The man is, of course, present throughout as narrator and master writer, comic even. With the first few pages we find fathers weighing down sons as Anchises, crushing them. Further, we find peasant grandfathers betraying the future, the `myth' of the family, social hierarchy as `ritual', and religion...I cannot describe how. The man, as narrator, looms formidably over his work like the tyrant fathers and grandfathers he sees handling between themselves the lives of their offspring and dependents. The man, as the character Sartre of Les Mots, is however an `indelible transparency', a mere `reflection in a mirror' as against the deadweight of other people, heavy with their own inertia and `carved in stone'. It is only by a vicarious life in reading, and later, by the creative act of writing that he describes himself for the first time `carving out a glorious body in words'. We find the child Sartre locked away in the towering rooftops of Parisian houses, peering down on other children below and, (he admits) regrettably, shunning them for Platonic relations with Corneille, Hugo, and Wells. Other places of his youth, the public gardens and classrooms, are ever allusions, context only for the evolution of a primarily noetic being, already (at ten) seeing himself as a dead one.

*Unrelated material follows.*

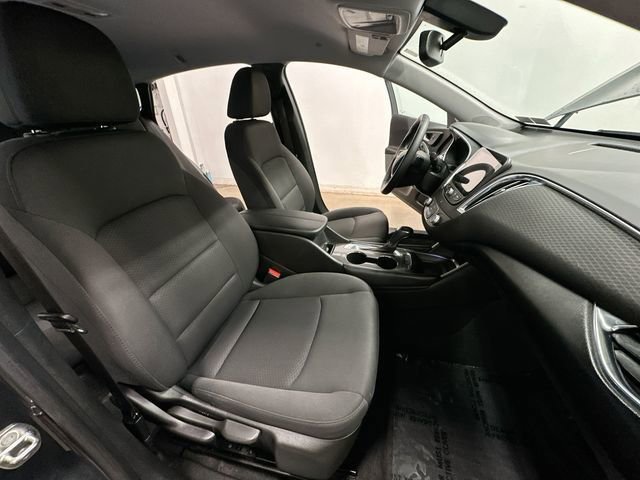 Used 2018 Chevrolet Malibu LT FWD image 21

Nonetheless, this is a glorious work of revival; a working out of existence from it's opposite, the juvenile reaction; a working out of self-belief from a void authority might otherwise have colonised as its own. Sartre's story, whilst neither too conventional nor applicable in modern terms is still valuable for illuminating our own childhood and our own absurdities therefrom.

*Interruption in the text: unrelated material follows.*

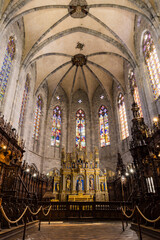 Wall Mural - Chœur de la Cathédrale Sainte-Marie de Saint-Bertrand-de-Comminges depuis les stalles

Faithless April 6, 2001 6 out of 16 found this review helpful
It may seem ironic that profound ideas can spring from an illusory childhood but Words indeed expresses this sentiment. I haven't read any other of Sartre's books but I sensed that this was a good introduction to existentialism; he founded it after all, and this is his pre-adolescent life. The story is hard going and his memories (surprisingly lucid so long after the event) are difficult to relate to, but there remain lessons applicable to all. He seemingly pinpoints his lack of obedience (as an adult) to having lost his father at an early age; an interesting anomaly given that he lived through the wars. But his refutation of religion and more particularly faith of any kind were for me the most startlingly illustrated of his points. Believe his views and there will be no salvation "atheism is a cruel, long term business" but if you don't there is still a message that cannot be ignored. Inadequacy both ways.